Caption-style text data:
=== Section Start ===
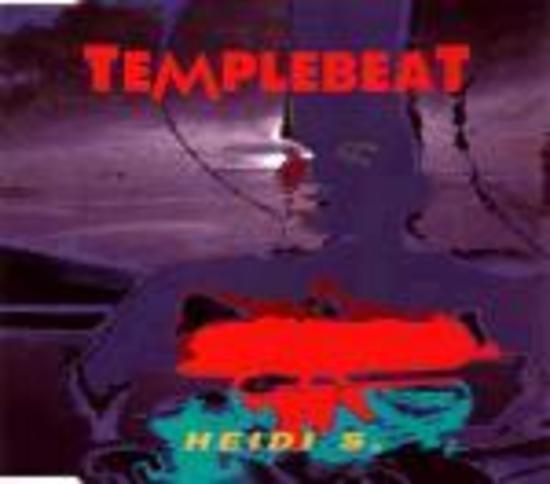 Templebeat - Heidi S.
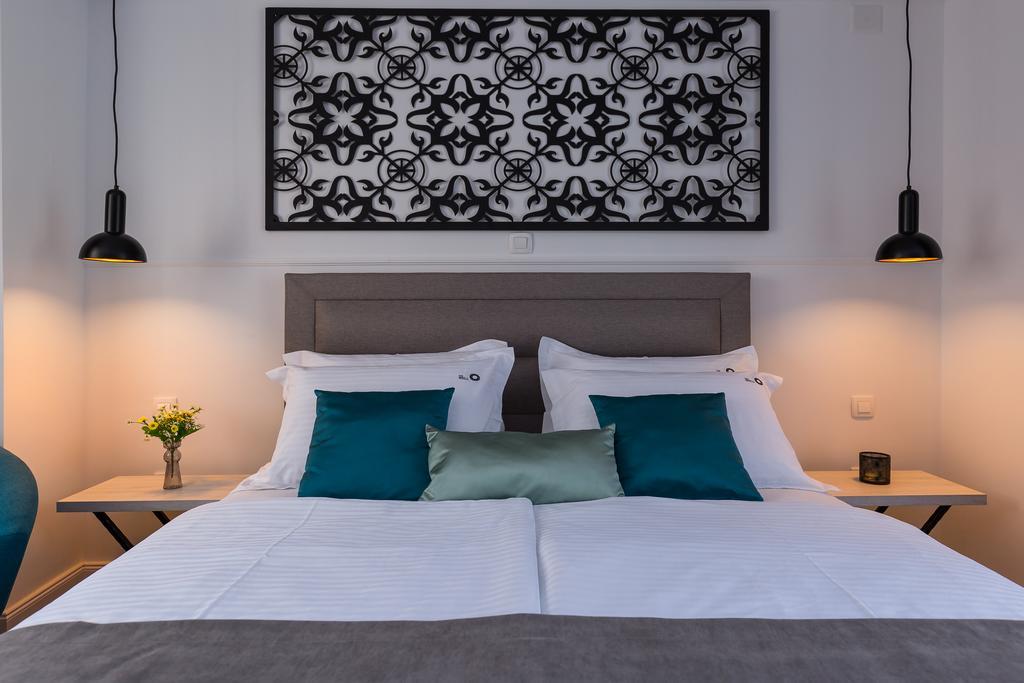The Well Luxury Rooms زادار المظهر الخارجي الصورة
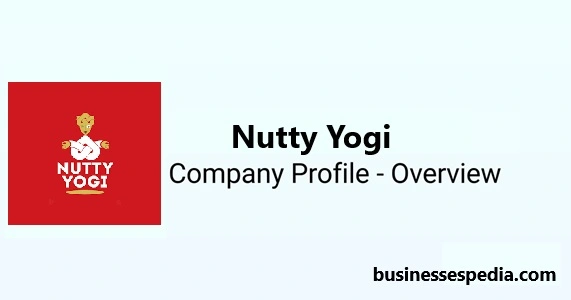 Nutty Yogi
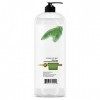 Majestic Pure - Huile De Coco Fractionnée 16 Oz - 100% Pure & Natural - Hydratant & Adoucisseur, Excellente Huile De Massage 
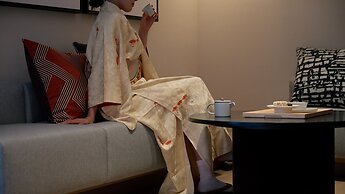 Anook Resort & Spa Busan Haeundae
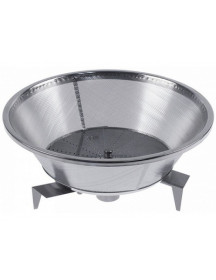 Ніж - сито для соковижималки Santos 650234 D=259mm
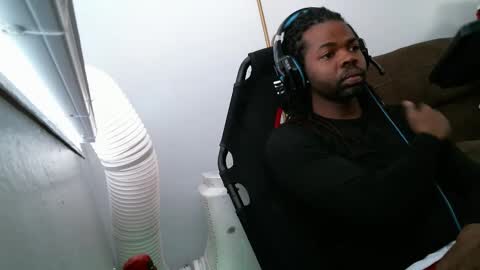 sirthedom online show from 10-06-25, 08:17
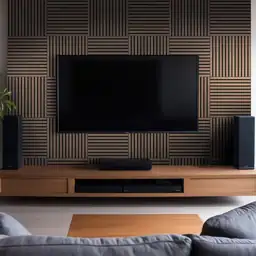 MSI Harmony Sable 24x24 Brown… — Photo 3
=== Section End ===
=== Section Start ===
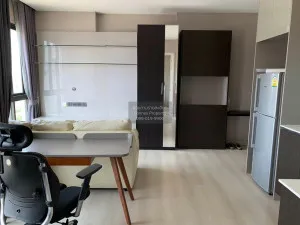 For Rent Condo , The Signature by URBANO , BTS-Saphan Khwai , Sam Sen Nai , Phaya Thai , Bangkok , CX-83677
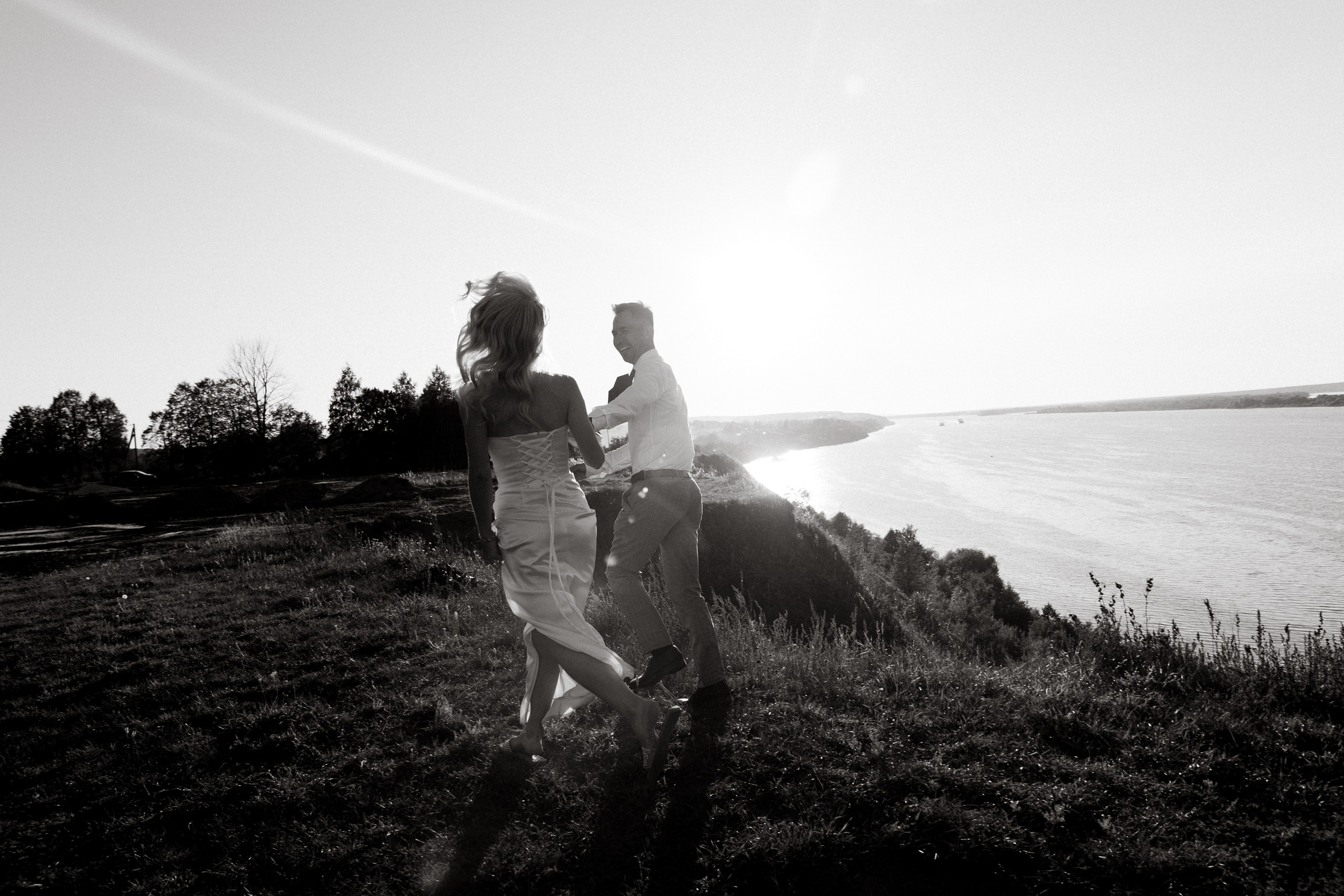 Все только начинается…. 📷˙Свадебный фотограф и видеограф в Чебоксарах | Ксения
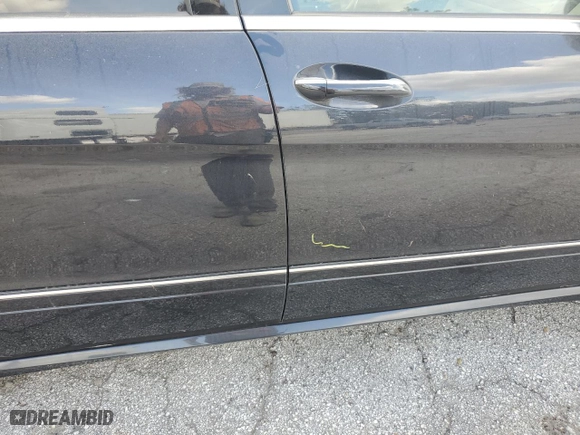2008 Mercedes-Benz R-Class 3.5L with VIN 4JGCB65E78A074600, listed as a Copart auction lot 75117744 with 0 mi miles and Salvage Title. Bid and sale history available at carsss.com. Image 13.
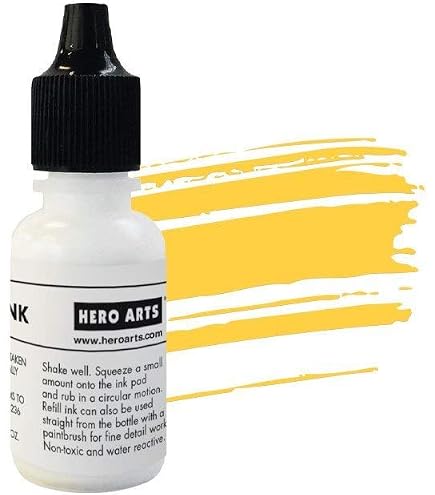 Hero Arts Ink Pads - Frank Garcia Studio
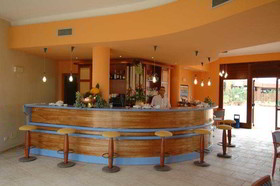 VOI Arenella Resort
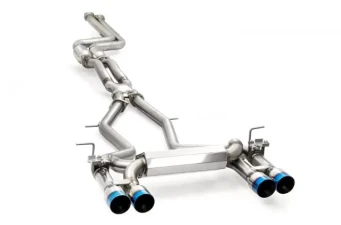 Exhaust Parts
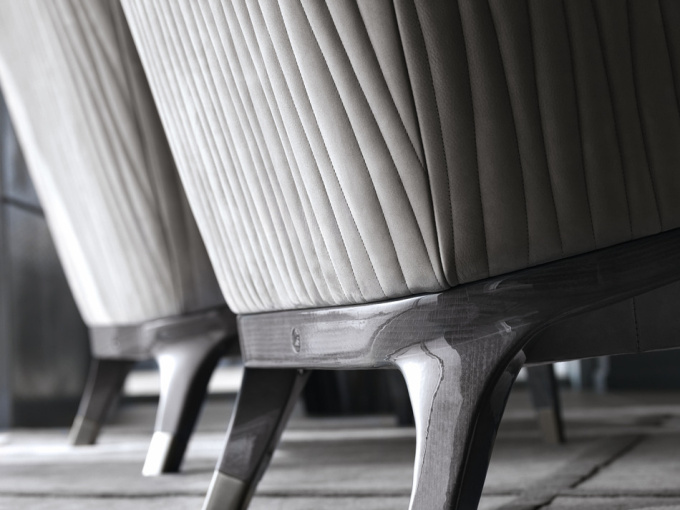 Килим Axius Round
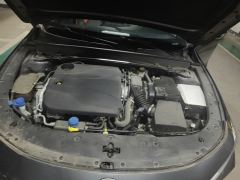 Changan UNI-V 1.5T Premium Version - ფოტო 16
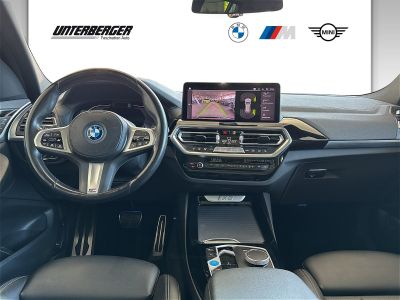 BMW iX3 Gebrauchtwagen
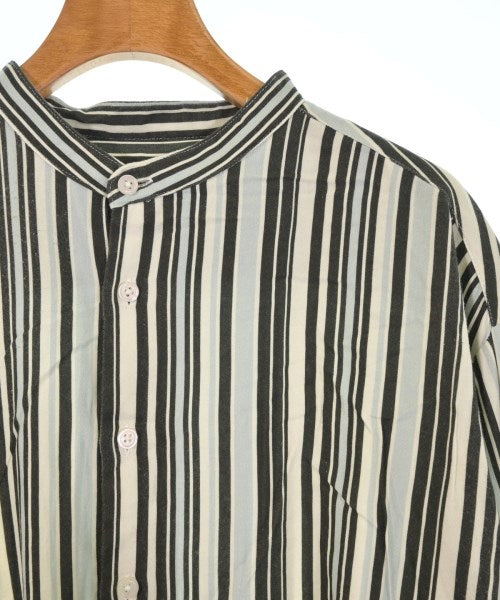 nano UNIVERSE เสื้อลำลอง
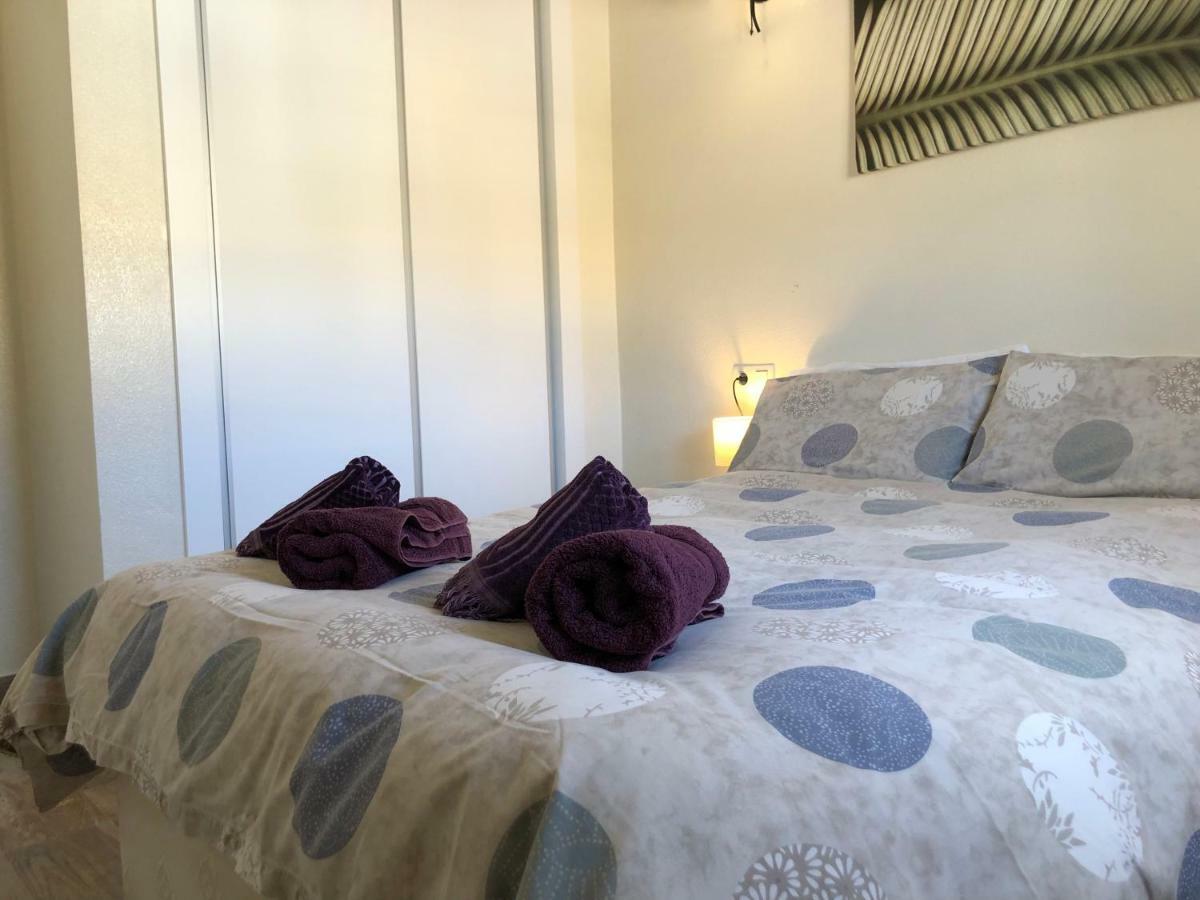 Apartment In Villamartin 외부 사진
=== Section End ===
▶ **PROBLEM DESCRIPTION**: Starting at the line above with "Templebeat - Heidi S.", output every line exactly up to and including the line with "MSI Harmony Sable 24x24 Brown… — Photo 3", but none of the pictures.

▶ **EXERCISE SOLUTION**:
 Templebeat - Heidi S.
The Well Luxury Rooms زادار المظهر الخارجي الصورة
 Nutty Yogi
 Majestic Pure - Huile De Coco Fractionnée 16 Oz - 100% Pure & Natural - Hydratant & Adoucisseur, Excellente Huile De Massage 
 Anook Resort & Spa Busan Haeundae
 Ніж - сито для соковижималки Santos 650234 D=259mm
 sirthedom online show from 10-06-25, 08:17
 MSI Harmony Sable 24x24 Brown… — Photo 3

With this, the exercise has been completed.